Le cairn de Gavrinis, dans le Morbihan, a fait l’objet d’un travail de numérisation d’une précision et d’une ampleur inédites en France. Grâce aux technologies laser associées à la photomodélisation, ce dolmen recouvert de pierres du début du 4e millénaire avant notre ère a pu être reconstitué en trois dimensions par Serge Cassen, du Laboratoire de recherches archéologiques de Nantes(1), et Laurent Lescop, de l’École nationale supérieure d’architecture de Nantes (Ensa).
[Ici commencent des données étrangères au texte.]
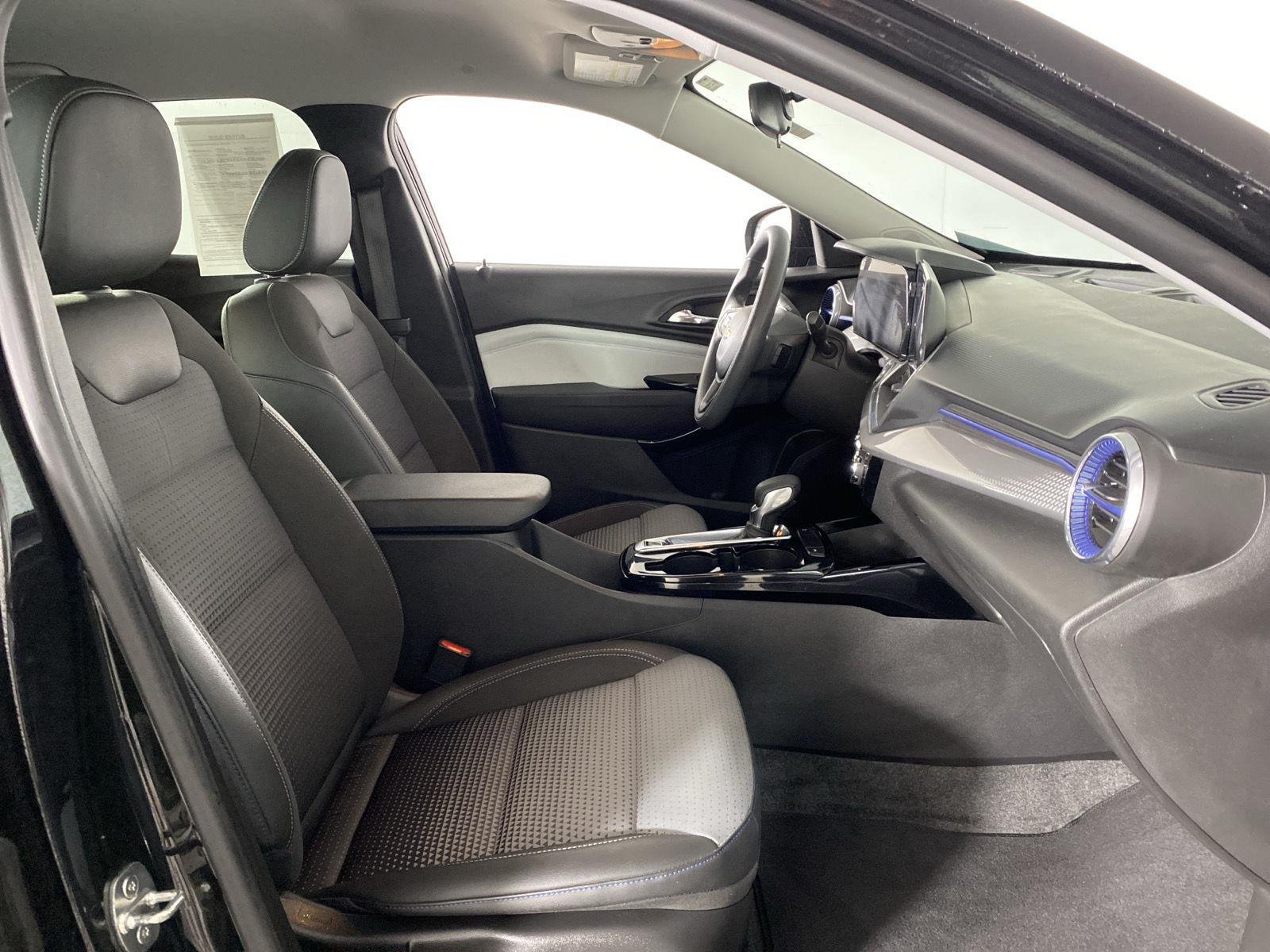 Used 2024 Mosaic Black Metallic Chevrolet LT image 23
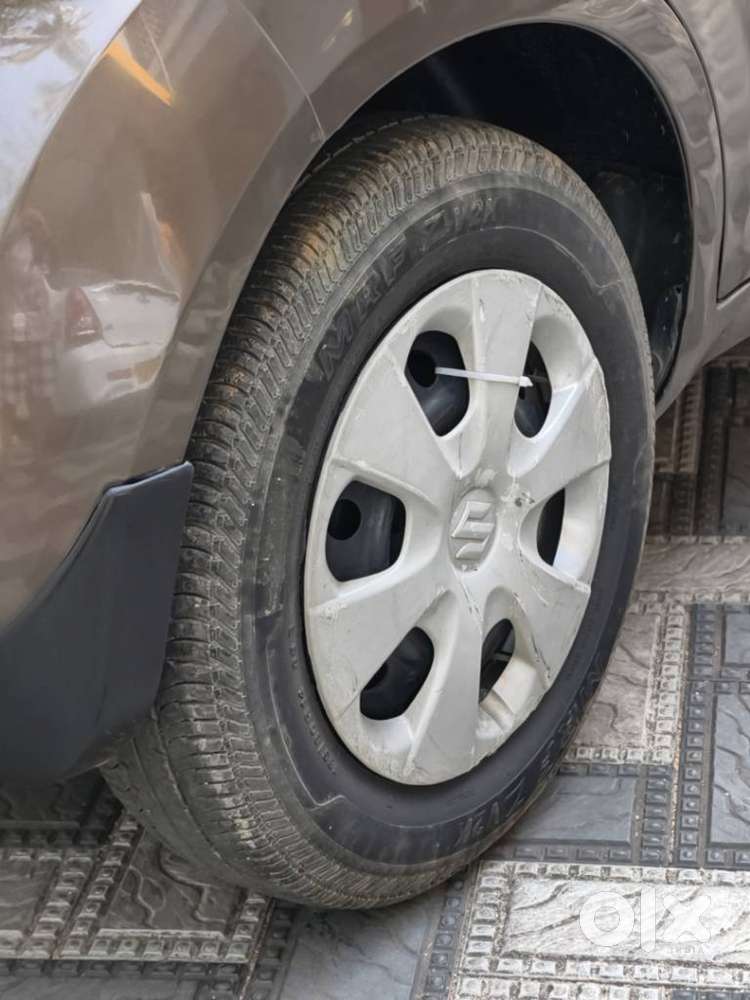 Maruti Suzuki Ritz Vxi, 2010, Petrol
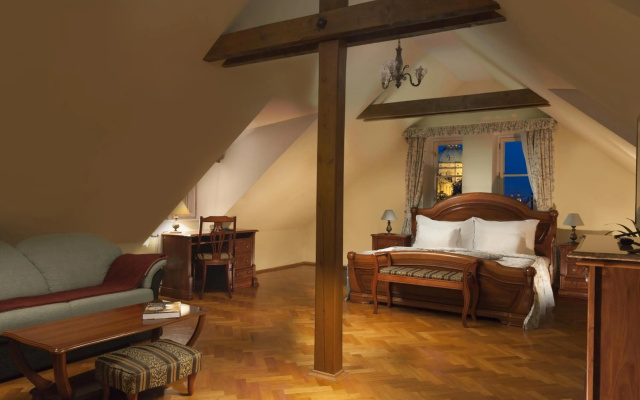 Boutique Hotel Constans
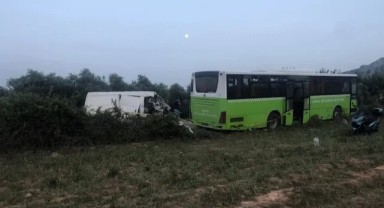 Minibüs ile belediye otobüsü çarpıştı: 3 ölü, 10 yaralı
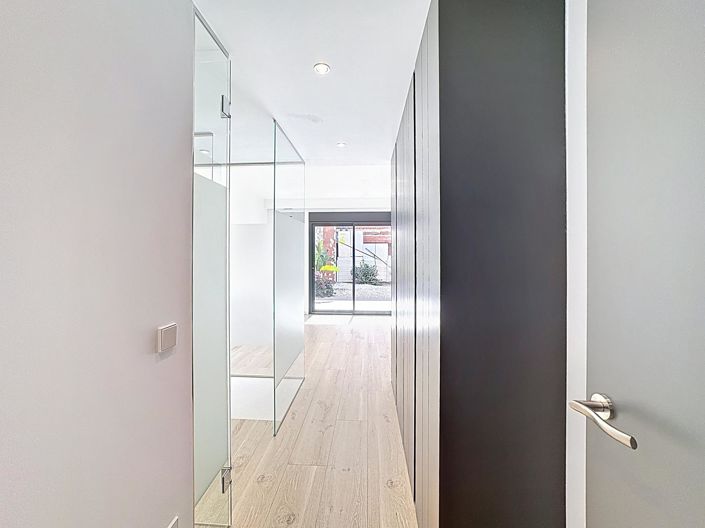 Image No.21-2 Bed Apartment for sale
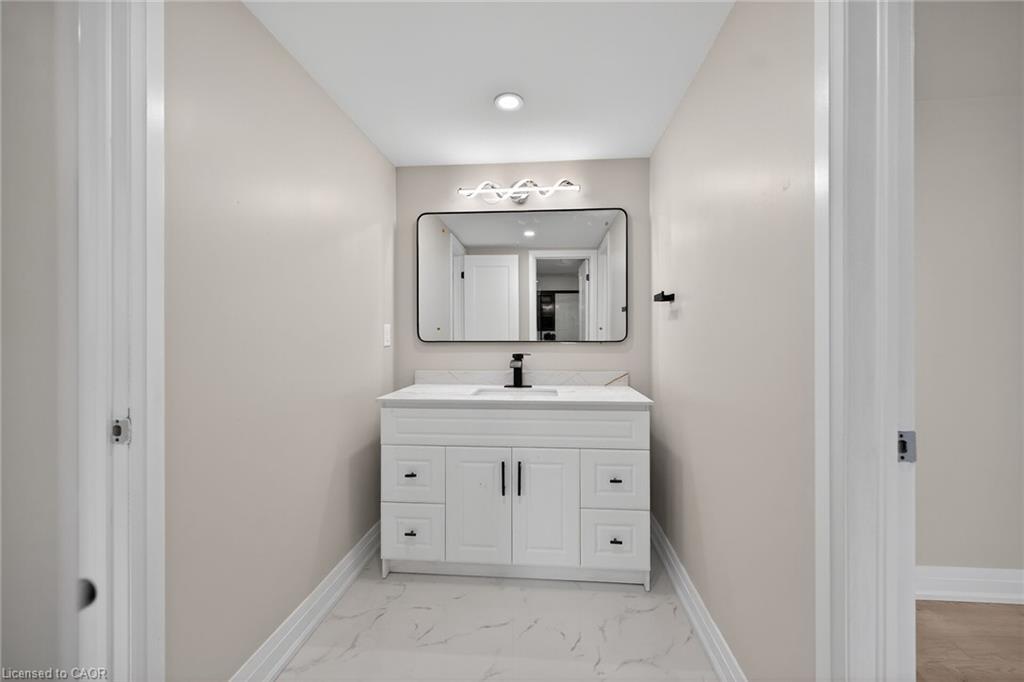 84 Blanmora Drive, Hamilton, ON - Indoor Photo Showing Bathroom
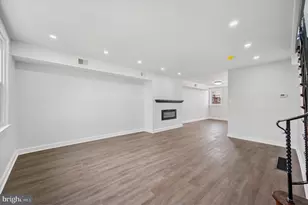 1010 Flanders Rd, Philadelphia, PA 19151 - Photo 3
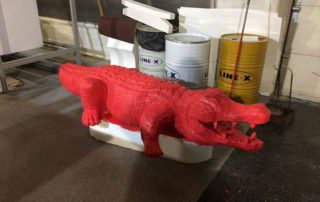 Полимерное покрытие Line-X – надежная защита легких и хрупких конструкций из пенопласта и других типов вспененных пластмасс, от неблагоприятных погодных условий и действий вандалов.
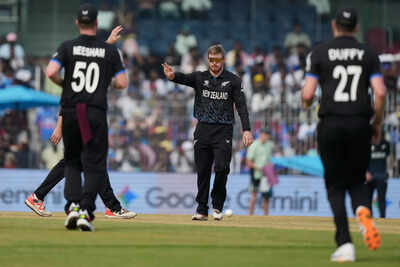  New Zealand openers have an afternoon party at Chepauk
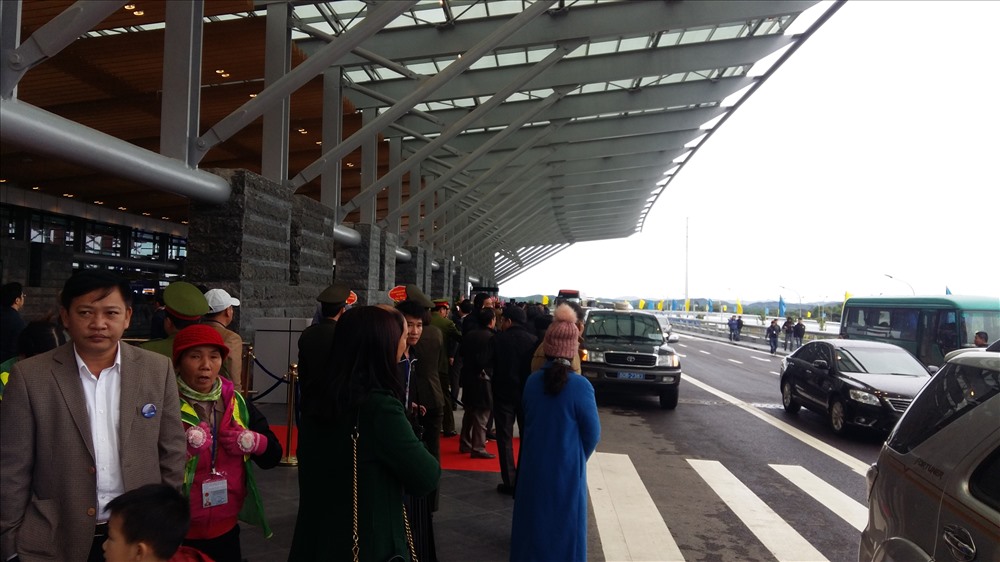 Đông đảo người dân Quảng Ninh có mặt trong buổi lễ khánh thành Cảng hàng không quốc tế Vân Đồn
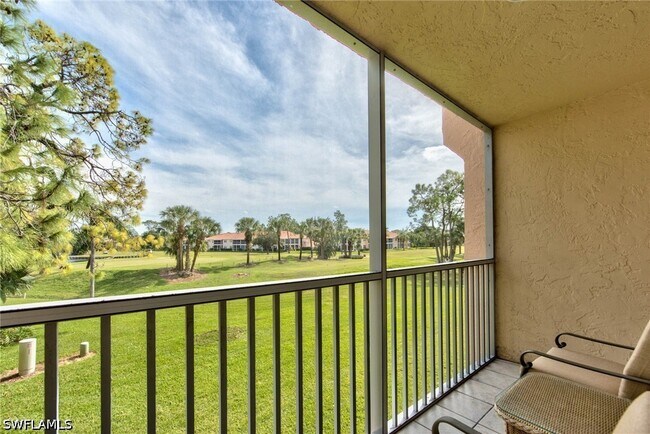 Building Photo - 175 Turtle Lake Ct Unit 210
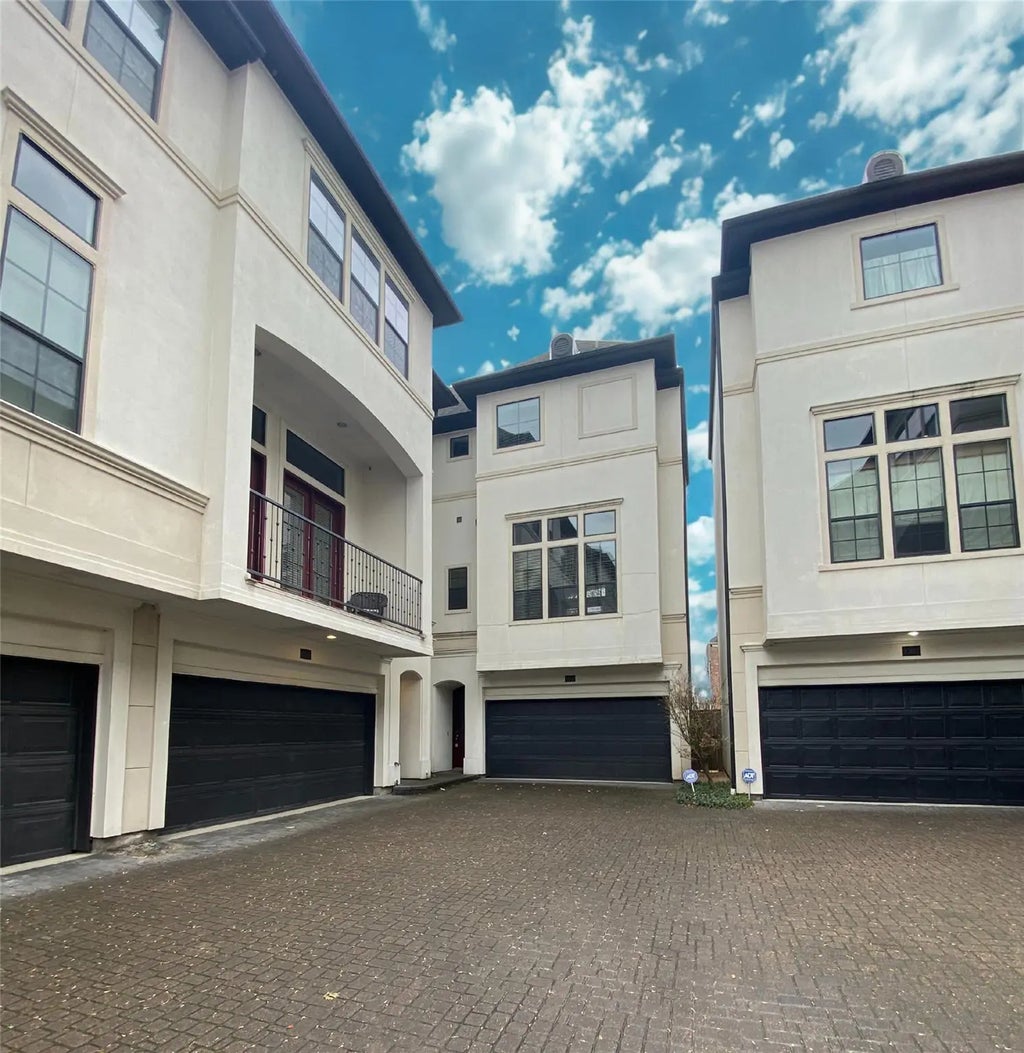 3205 Center Street, Houston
Leur programme, mené de 2011 à septembre 2013, repose sur l’utilisation du traitement par nuage de points des données photonumériques. Cette technique permet de modéliser fidèlement les vingt-neuf orthostates du monument funéraire, ces blocs de pierre dressés et gravés sous un plafond de dix tables de pierre. « Le cairn est connu depuis longtemps mais n’a été découvert du point de vue archéologique qu’aux alentours des années 1830. La réputation du monument s’est fondée sur la profusion de ses gravures et la beauté de ses agencements géométriques », indique Serge Cassen, courbé à l’intérieur de la crypte, d’une hauteur d’environ 1,50 m et de 14 m de long.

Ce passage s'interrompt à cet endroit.